%%

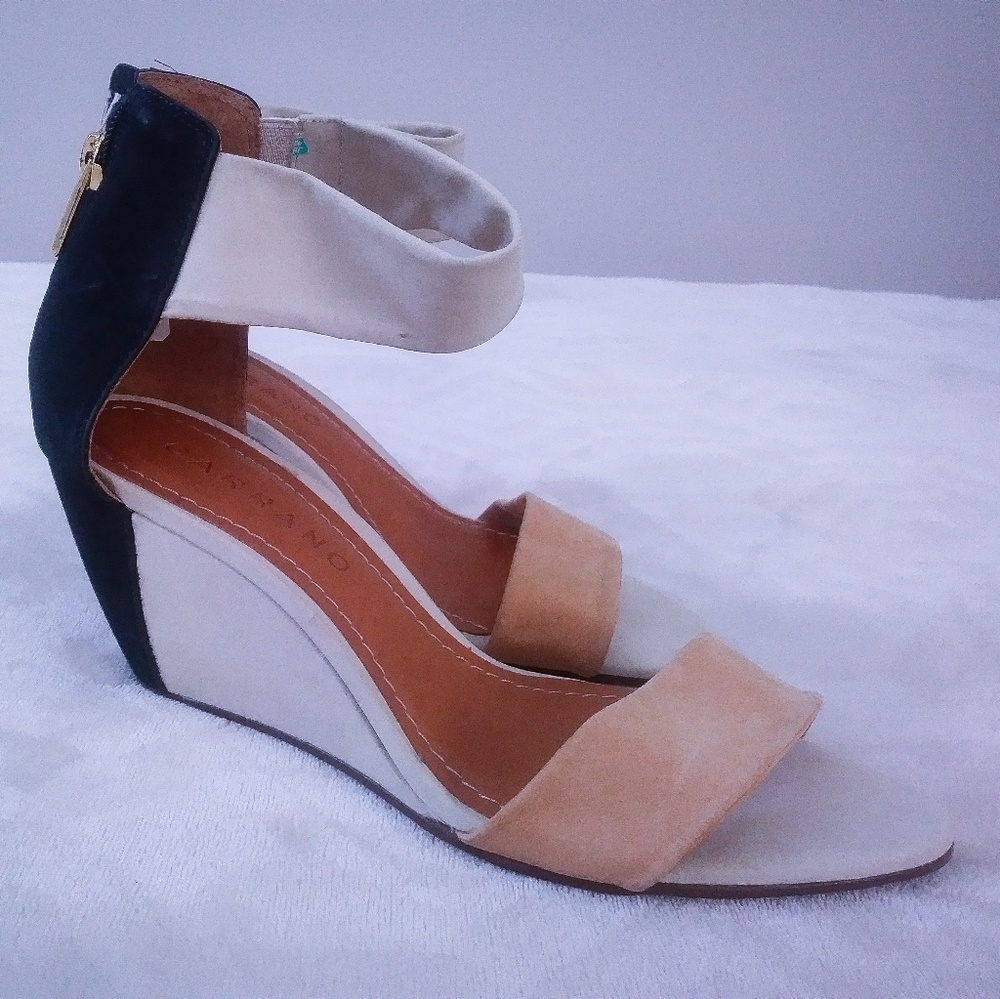 Carrano (Size 9) 3 tone Wedges.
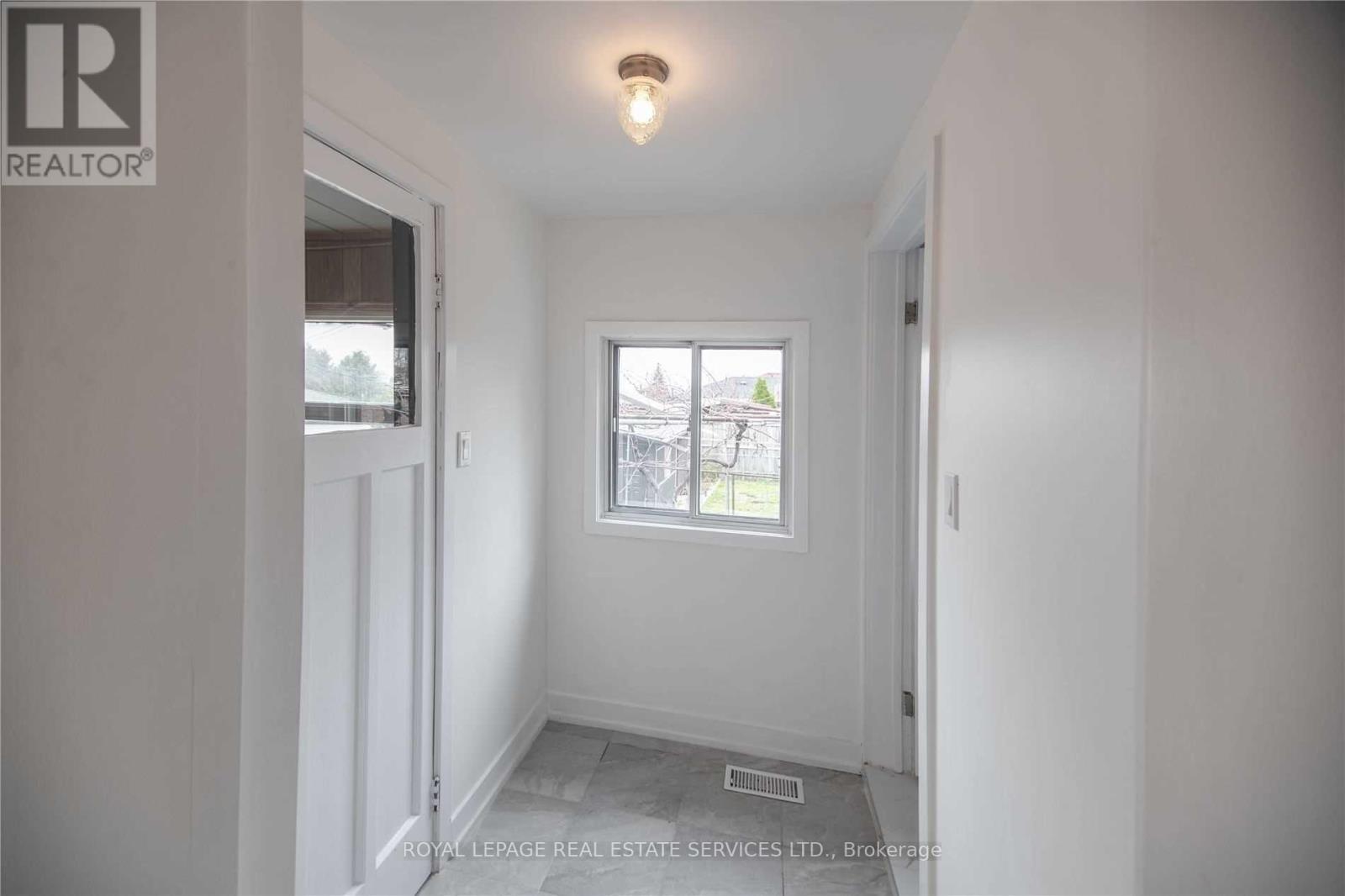 1010 Caledonia Road, Toronto (Yorkdale-Glen Park), Ontario  M6B 3Z1 - Photo 24 - W12144750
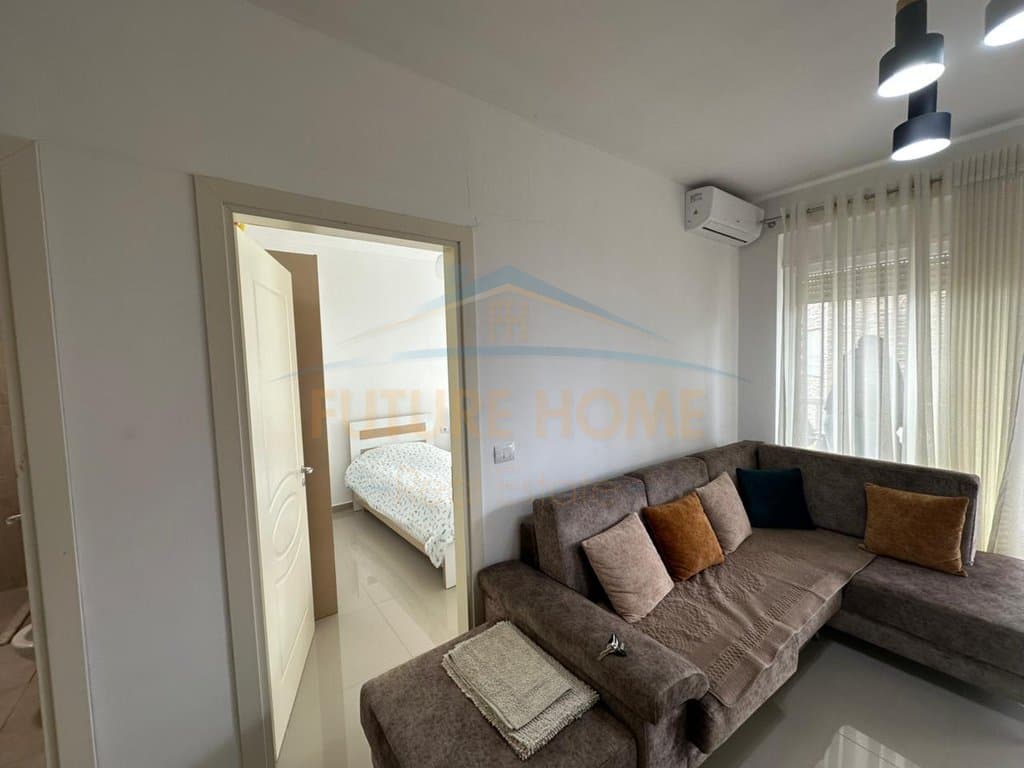 Shitet, Apartament 2+1, Lura 3, Gjiri i Lalzit. 2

%%

§ **Task statement**
Copy the preceding data in full and word for word, dropping its pictures.

§ **Solved problem**
 Carrano (Size 9) 3 tone Wedges.
 1010 Caledonia Road, Toronto (Yorkdale-Glen Park), Ontario  M6B 3Z1 - Photo 24 - W12144750
 Shitet, Apartament 2+1, Lura 3, Gjiri i Lalzit. 2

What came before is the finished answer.